Flash flood left me sunk by the small print, with a £2,750 excess bill

Standing half-way up the staircase, I looked down at my husband, Rob, who was ankle-deep in water in our hallway.

Fearful the rising water could affect the electrics at any moment, I realised it was time to evacuate our children.

It was late June on a Friday night and our home in Solihull, West Midlands, had been flooded by a freak storm. The battle to prevent it zapped all our energy. But our fight was far from over, and no one dared exhale until we knew what our insurer had to say.

Escape: Laura Shannon and daughters Orlagh, left, and Maddie, were forced to flee their home in Solihull after a freak storm sparked flash floods

Every pound of damage needed to be meticulously totted up.

I have no idea exactly how much it will cost to replace each item lost and every square foot of damaged flooring, but we’re looking at a five-figure bill.

And I have learned to my cost (literally) that even with home insurance, you can still end up thousands of pounds out of pocket.

Every year, scores of homeowners are caught out by insurance quirks, often buried in the small print. This was my year to be snared.

I had paid about £300 for home contents and buildings cover with HomeProtect. As a personal finance journalist, I was careful to check the policy for glaring loopholes.

I knew the excess (what we’d have to pay before our insurer stepped in) was a couple of hundred pounds.

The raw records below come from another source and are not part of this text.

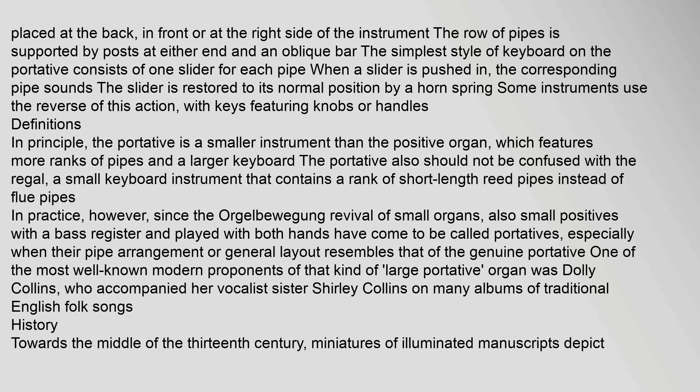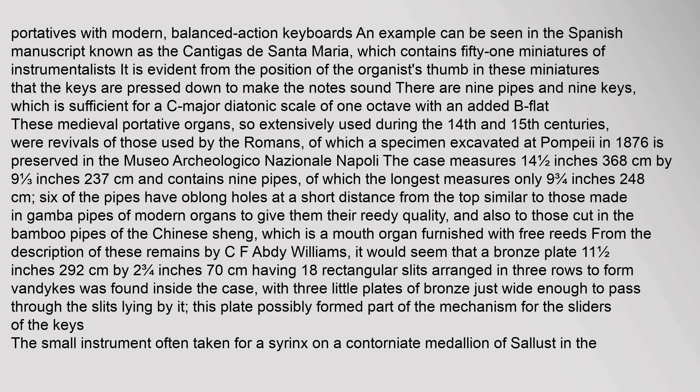History: Towards the middle of the 13th century, miniatures of illuminated manuscripts depict portatives with modern balanced-action keyboards. An example can be seen in the Spanish manuscript known as the Cantigas de Santa Maria, which contains 51 miniatures of instrumentalists. It is evident from the position of the organist's thumb in these miniatures that the keys are pressed down to make the notes sound. There are nine pipes and nine keys, which is sufficient for a C-major diatonic scale of one octave with an added B-flat.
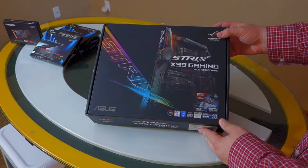What's happening YouTube, this is the Direwolf, and today I'm doing an unboxing of the newly released Asus Rogue Strix X99 Gaming Motherboard.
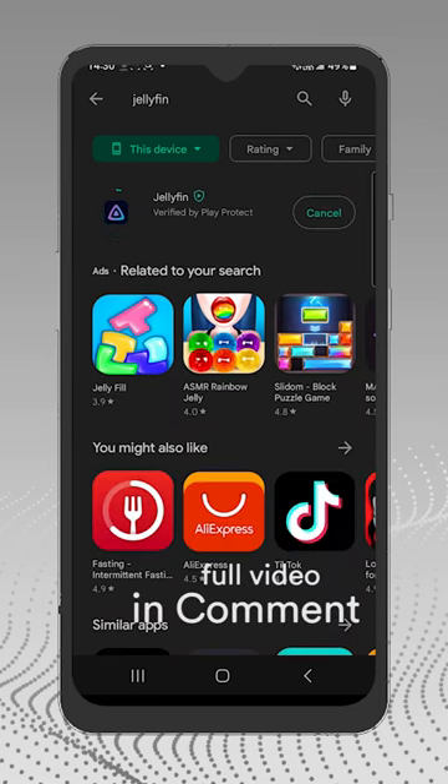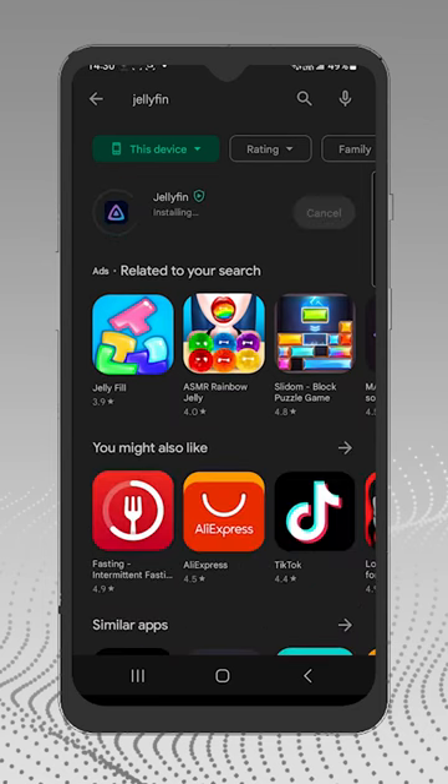On your phone, go to the Play Store and search for Jellyfin. Let's install it and open.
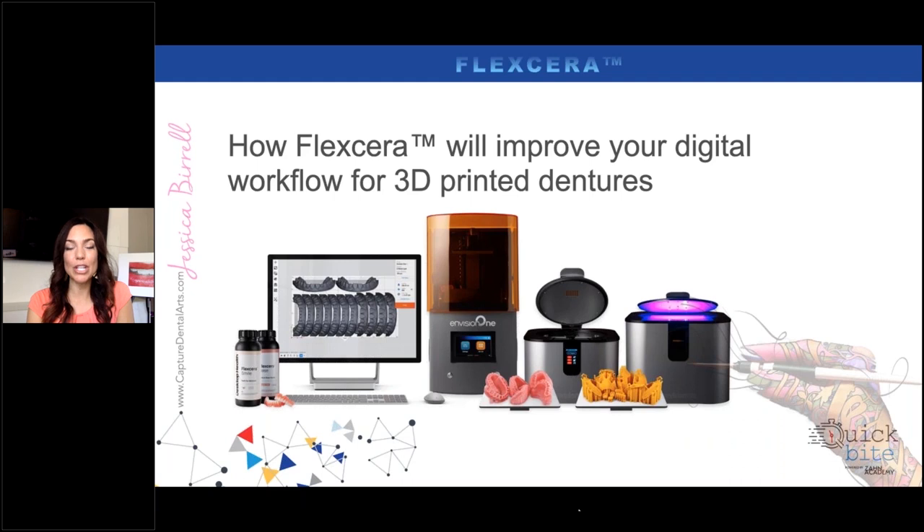We are currently using 3Shape. With InLab, the main problem is you can only do full dentures — you have to have mandibular and maxillary opposing dentures, you can't just do one arch, which was a challenge for us. We've been using 3Shape and are getting ready to install Exocad software as well. We've been using this material for flippers, and surprisingly you can get a slightly flexible flipper. Printing flippers is very fast — about 30 to 45 minutes. Teeth can take as little as 15 to 25 minutes to print because they're very small.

But, in fact, there was also a separate £2,500 compulsory flooding excess, which, when added to the £250 voluntary excess for the building cover, meant I was down £2,750 before we even started the clean-up.

This figure is perfectly visible on my policy document, but I hadn’t given it a second thought. We don’t live near water, our home is raised above ground level, and it has never flooded before.

Yet floods are becoming increasingly common, with one in six homes in the UK now at risk. Just last month the Government announced a record £5.2 billion investment in flood defences over the next six years. A new flood insurance directory will also be launched this autumn to help more homeowners find cover.

The Met Office says that rainfall exceeding 30mm per hour means flash flooding is likely. At its worst moment, rainfall reached 165 mm per hour over my house. Later, in just one hour, 60 mm cascaded down.

Our daughters, Orlagh, four, and Maddie, one, were asleep upstairs at the time, unaware of their parents’ frantic bid to save the family belongings.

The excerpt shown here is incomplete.